A Northern Ireland police station could be sitting on a medieval Celtic settlement, according to a leading historian.
The police station is earmarked for closure
Dr Eamon Phoneix said Andersonstown police station in west Belfast, which is earmarked for closure, should be given a full archaeological examination.
The station has been prominent during 30 years of the Troubles in Northern Ireland, as one of the most frequently bombed stations.
But a delve further into its past could reveal another chapter of history.
Dr Phoenix said: "In the Middle Ages there were six chapelries connected to the old church of Belfast at Shankill.
"One of them was known as the Church of Crook Macht in the medieval records, which was a monastic church at the junction of the modern Andersonstown and Glen roads.
"It was alongside an Iron Age fort, known as Calendar's Fort, down to the early 20th century.
"Both of these sites are under the barracks and its adjoining land.
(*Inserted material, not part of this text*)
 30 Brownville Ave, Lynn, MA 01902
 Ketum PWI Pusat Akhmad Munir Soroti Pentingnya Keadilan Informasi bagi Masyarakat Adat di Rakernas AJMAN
It seems interesting that a modern police barracks was built on a site significant with church and state connections in the past."
He said old maps and records from the 14th century onwards, had pinpointed the church and a medieval graveyard on the site.
In May 1983, the station was badly damaged when a 1,000lb IRA car bomb exploded causing an estimated £1m.
A rescue dig might turn up some of our built heritage and artefacts of the distant past
More recently, in 2001, an 11-week-old girl was injured after the car she was travelling in was hit by shrapnel during an attack on the station by the dissident republican Real IRA.
This week, the police commander for the area confirmed the station was earmarked for closure.
Dr Phoenix said the site may be a valuable location for archaeologists in the future.
"There is no doubt that this is a valuable historical site for that part of Belfast and archaeologist may indeed want to investigate this site when it finally closes.
"It certainly has a long and varied history."
He said similar excavations weapons had been found.
A site in Dunmurry, near south Belfast, yielded a medieval holy water font, he said.
"Clearly a rescue dig might turn up some of our built heritage and artefacts of the distant past," he said.
Two months ago, a medieval castle, believed to be the first built in the province, was uncovered by archaeologists during an excavation at a former military base in County Tyrone.
Structures believed to be the remnants of an early 14th century castle built by Irish chieftain Domnall O'Neill were found in Dungannon town centre.